Orwell señalaba entonces con lúcida ironía: «Entremos en la ballena -o mejor, admitamos que estamos en la ballena (puesto que lo estamos). Dejémonos llevar por el proceso mundial, dejemos de luchar contra él o de pretender que lo controlamos; aceptémoslo simplemente, conservémoslo, grabémoslo. Esa parece ser la fórmula que cualquier novelista sensible puede adoptar ahora.»
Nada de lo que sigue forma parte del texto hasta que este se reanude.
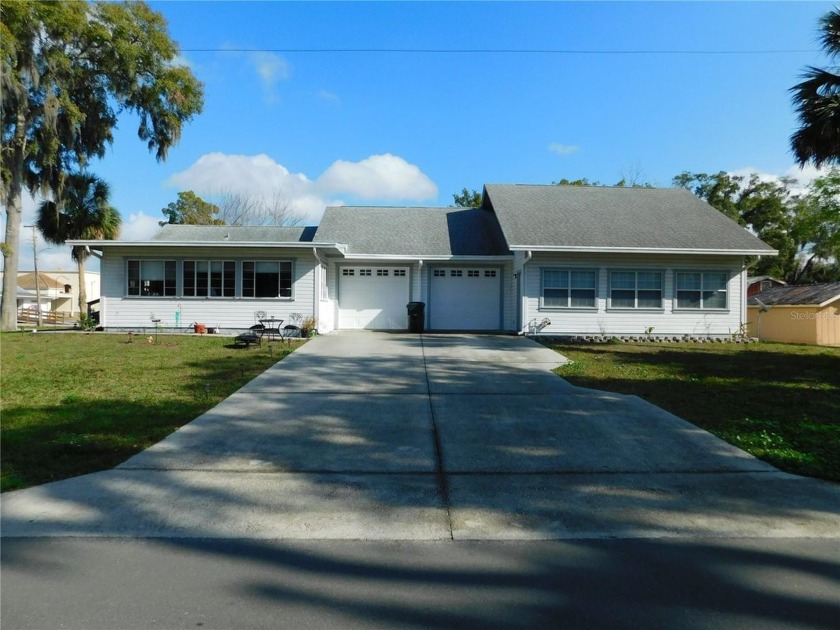 Welcome to this charming duplex located in the heart of - Beach Townhome/Townhouse for sale in Crystal River, Florida on Beachhouse.com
Orwell no pudo, no podía, seguir ese camino. Su sensibilidad era otra que la de un mero termómetro de la fiebre social. En cualquier caso, podríamos pensar que un consejo tal hubiera sido leido y tomado al pie de la letra por miles de artistas y novelistas de nuestra época. Pero si el truco de Miller tenía ya en su época sus límites, ¿qué pensar de todos los incontables discípulos de esta escuela de subjetividad omnipotente y despótica, de alegres y desdeñosos vitalistas? Si la ballena se vuelve tan grande como el mundo, entonces ni siquiera tendrá sentido aislarse. Habremos traido con nosotros, al vientre cálido y protector de la ballena, toda la miseria y tiranía que nos atenazaba. No es que no pueda quedar sitio para los humildes solidarios solitarios, es que ya no habrá escape ni para los maestros del cinismo. ¿Hay alguien que haya concebido esta terrible pesadilla? ¿No empieza a parecerse un poco demasiado a lo que vivimos?

Pero no, habíamos dicho que no íbamos a empezar otra vez a anticiparnos.